### Listed entries ###

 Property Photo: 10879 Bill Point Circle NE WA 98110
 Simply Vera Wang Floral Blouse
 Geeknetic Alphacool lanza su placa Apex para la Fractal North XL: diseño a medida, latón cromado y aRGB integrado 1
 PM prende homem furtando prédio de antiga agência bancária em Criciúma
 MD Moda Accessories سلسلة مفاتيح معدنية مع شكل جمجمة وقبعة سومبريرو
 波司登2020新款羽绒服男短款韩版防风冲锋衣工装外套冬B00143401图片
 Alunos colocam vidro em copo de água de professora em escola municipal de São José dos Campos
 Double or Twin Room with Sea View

###
### Listed entries ###

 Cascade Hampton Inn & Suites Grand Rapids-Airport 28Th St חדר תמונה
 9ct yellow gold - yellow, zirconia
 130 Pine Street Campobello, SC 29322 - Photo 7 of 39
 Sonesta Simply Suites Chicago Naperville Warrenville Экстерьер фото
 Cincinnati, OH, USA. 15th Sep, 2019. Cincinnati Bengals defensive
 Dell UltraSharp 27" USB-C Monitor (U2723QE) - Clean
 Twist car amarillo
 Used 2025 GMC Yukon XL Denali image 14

###
### Listed entries ###

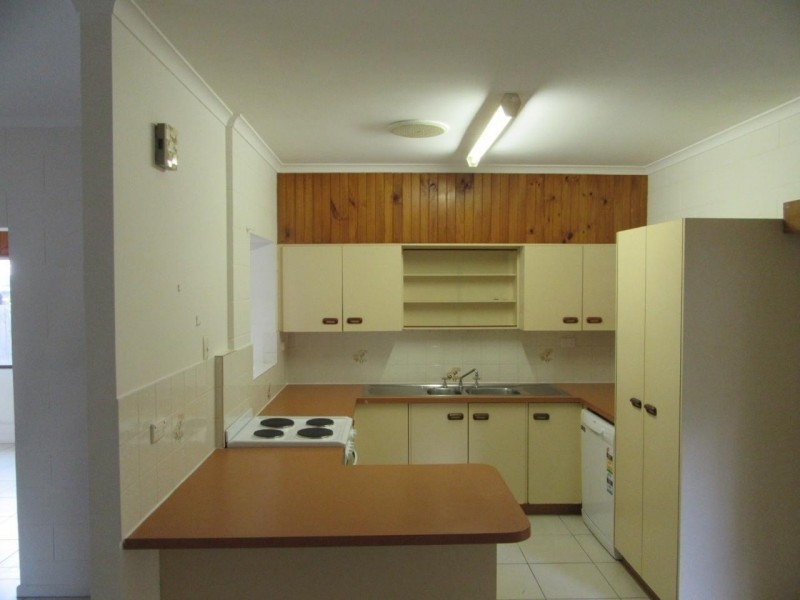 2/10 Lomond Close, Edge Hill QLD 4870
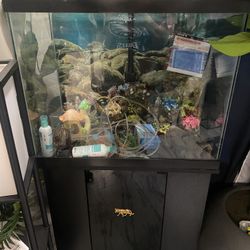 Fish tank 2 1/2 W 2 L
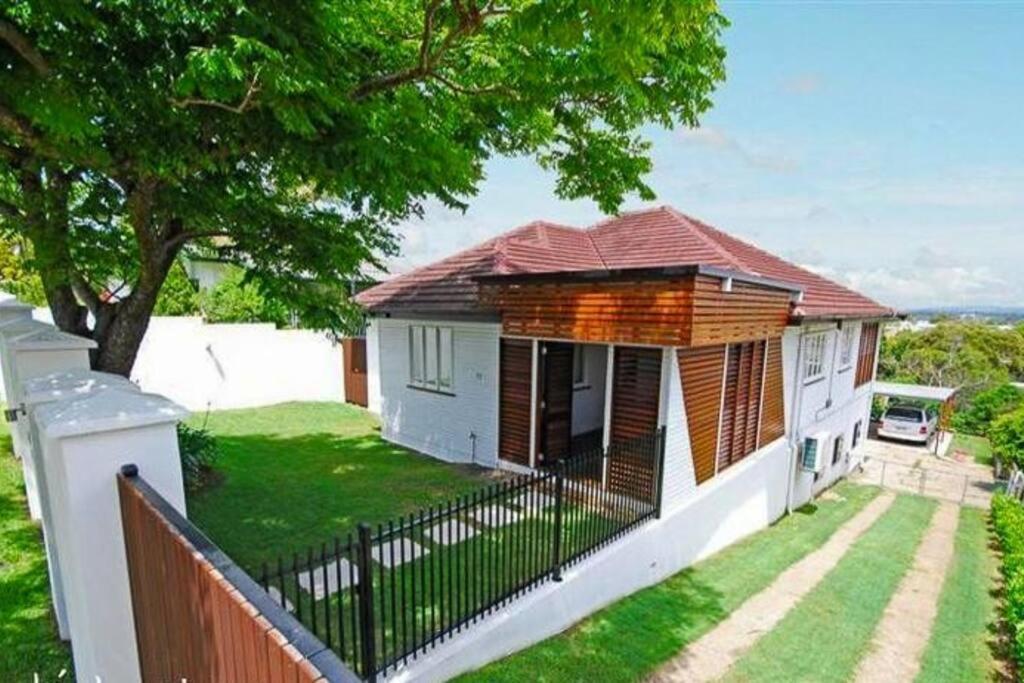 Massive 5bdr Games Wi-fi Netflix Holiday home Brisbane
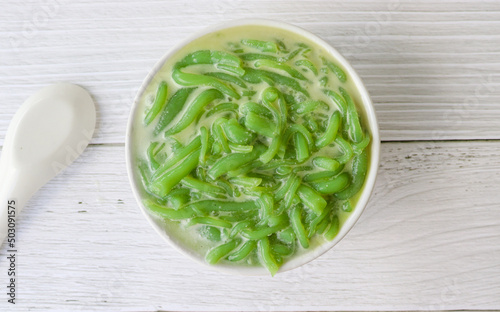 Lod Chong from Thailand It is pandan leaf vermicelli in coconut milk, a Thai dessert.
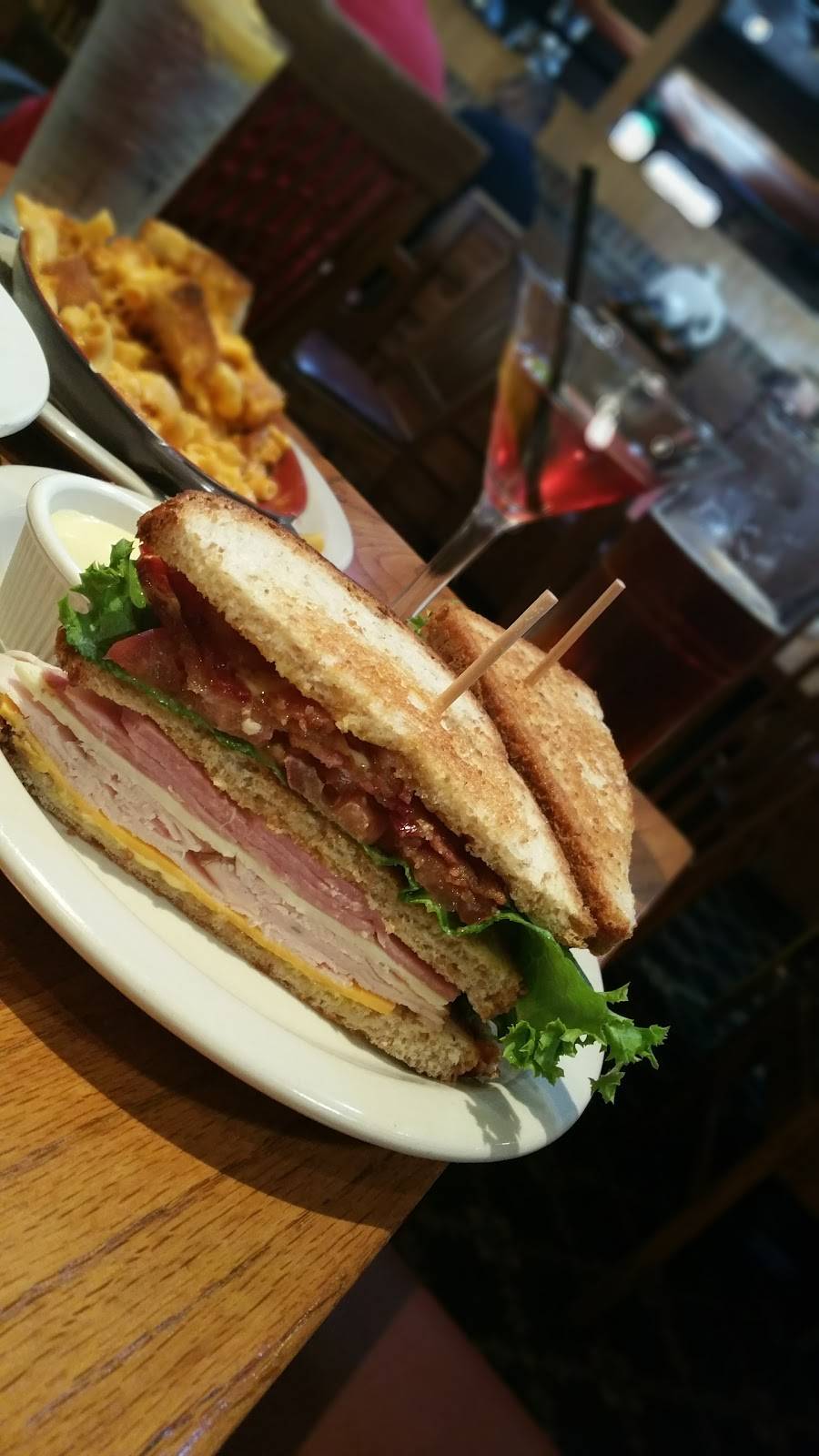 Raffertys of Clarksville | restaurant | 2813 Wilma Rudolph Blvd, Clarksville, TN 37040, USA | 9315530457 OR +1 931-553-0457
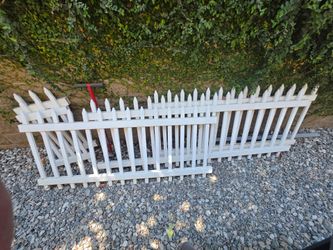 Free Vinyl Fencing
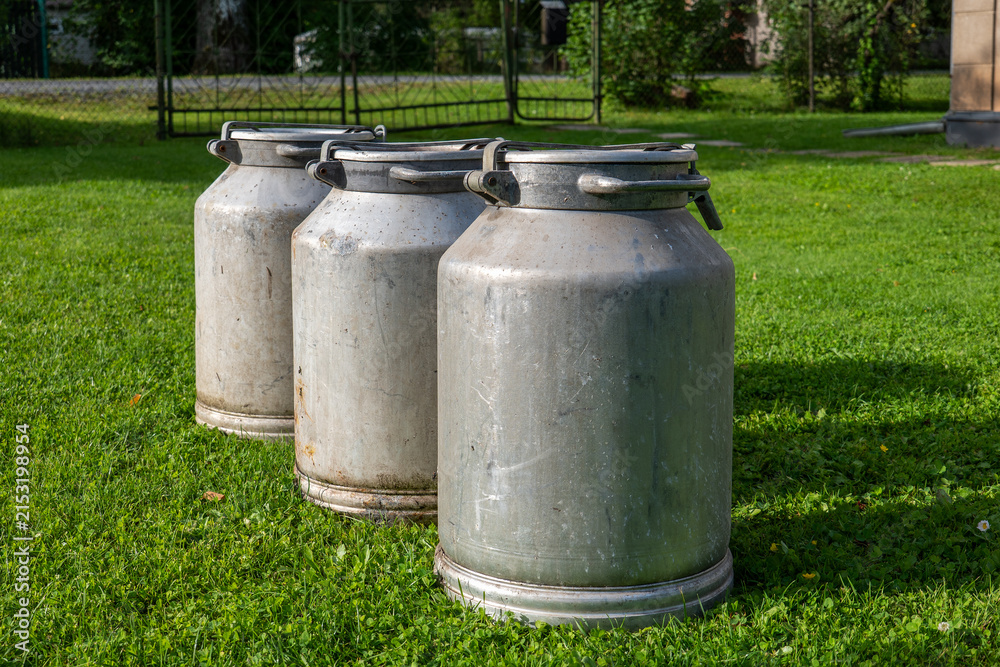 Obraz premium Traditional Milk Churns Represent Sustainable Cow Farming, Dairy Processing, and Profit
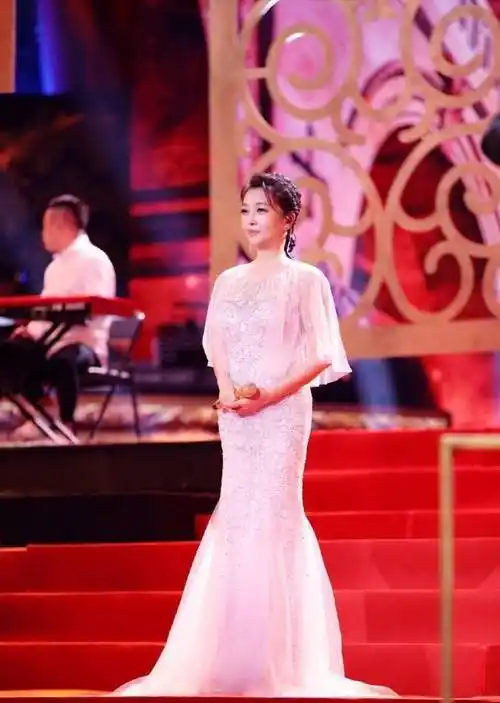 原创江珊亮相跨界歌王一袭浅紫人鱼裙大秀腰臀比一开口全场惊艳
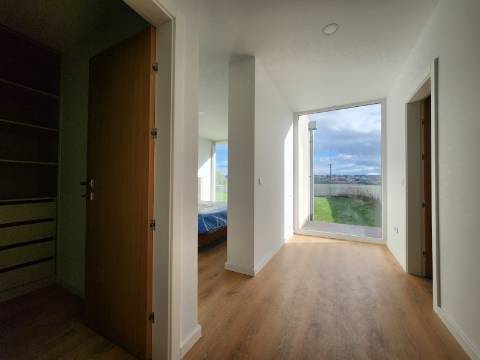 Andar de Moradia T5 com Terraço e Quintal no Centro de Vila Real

###

- [Exercise goal]: Leave out every line above except those from the line with "Property Photo: 10879" up to and including the line with "Double or Twin Room with Sea View", and copy those exactly.

- [Your solution]:
 Property Photo: 10879 Bill Point Circle NE WA 98110
 Simply Vera Wang Floral Blouse
 Geeknetic Alphacool lanza su placa Apex para la Fractal North XL: diseño a medida, latón cromado y aRGB integrado 1
 PM prende homem furtando prédio de antiga agência bancária em Criciúma
 MD Moda Accessories سلسلة مفاتيح معدنية مع شكل جمجمة وقبعة سومبريرو
 波司登2020新款羽绒服男短款韩版防风冲锋衣工装外套冬B00143401图片
 Alunos colocam vidro em copo de água de professora em escola municipal de São José dos Campos
 Double or Twin Room with Sea View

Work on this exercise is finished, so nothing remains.